Over the years, I’ve written about everything from how geography can be destiny in educational attainment to community-wide efforts to attack educational inequities to the connection between education and poor health and early death. In terms of what drew me to the topic, I grew up in Newfoundland, Canada and Northern Maine – two poor regions where college-going is low – so I saw the difference education makes firsthand.

As far as research goes, it was a little like drinking from a firehose – there is a growing amount of data that illuminates education inequities, their causes and their consequences. The goal of this piece, as the first in a series, was to look at the post-World War II promise of college as a ladder to the middle class and where that promise broke down. It’s a lot to synthesize, and one of the biggest problems my editor and I faced was just how much research was out there.

You mention CUNY ASAP as offering “some lessons on what colleges can do to help low-income students succeed.” Do you think it could be a model around the country?

The CUNY ASAP model has already been adopted in other college systems and states, so we know it can be done. But that’s not to say it’s easy. It’s an approach that demands a lot of investment in time and money. Colleges have to offer dedicated advising, wraparound financial aid and be highly attuned to all the nonacademic hurdles that so often trip up students. I know CUNY spent about $16,000 more on each ASAP student than for his or her classmates. CUNY leaders, of course, argue that ASAP’s strong outcomes justify the spending. Still, will colleges – and the people who fund them – be willing to invest in such intensive interventions? Given that falling taxpayer support for higher education is one of the factors in the growing educational divide, I’m not sure how optimistic to be about ASAP catching on widely.

Having reported this story, what policy fixes – either at the state or federal level – do you think are necessary to make higher education a “leveler”?

There’s a need for multiple fixes. Take the national level: families, particularly those that are first generation, routinely get tripped up by the complexity of federal financial-aid forms. The value of the Pell Grant hasn’t kept up with inflation or rising tuition, so it now barely covers a third of the costs of college. Congress increased funding, but not nearly enough. Many of the experts I spoke with said the federal government has to do more to ensure that colleges serve low-income students, such as conditioning participation in the financial-aid system on enrolling a minimum percentage of Pell Grant recipients. On the state level, we know that during the recession, increasing tuition priced too many low-income students out of college, and legislatures hold public college purse strings. Over the past couple of decades, a number of states have moved toward grant programs based on merit, not need – or the programs have been more focused on middle-income students than tailored to aid the neediest. States can incentivize colleges to enact curricular reforms that could help low-income, first-gen and minority students access college and earn a degree. And these are just some of the policy levers.

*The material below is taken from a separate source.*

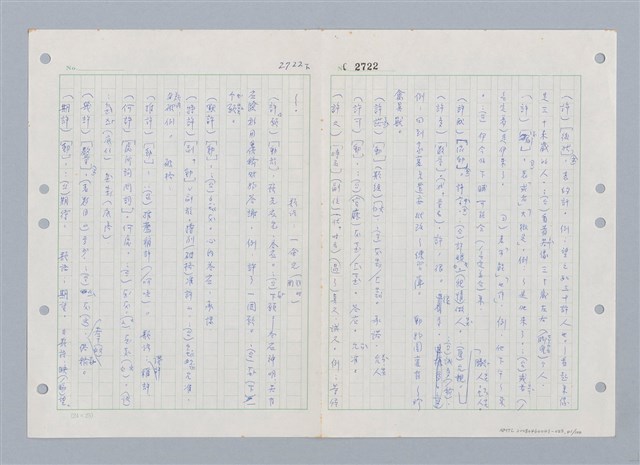 主要名稱：國台對照活用辭典印製手稿/副題名：ㄒ一ㄤˋ~ㄒㄩㄥˋ圖檔，第42張，共101張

You cover higher education internationally. Can the United States learn lessons from overseas about how to make college more accessible?

Unfortunately, ensuring educational equity is a problem overseas, too. When you look at countries that have enacted some variation of free college – that buzzword of the presidential primaries! – the way they’ve typically been able to do it is by limiting the number of spaces at public universities. And that ends up creating some weird dynamics. In Brazil, for example, almost everyone who benefits from free college at top-ranked public universities got there because they went to private high schools and could afford the kind of preparation that helps them gain admission. Germany, too, has free college, but it’s a very stratified system, where certain students get tracked into higher education and others don’t. One of the particular challenges of the American higher-ed system is that we really elevate the idea of equity of opportunity, and that makes other countries’ solutions hard to adapt.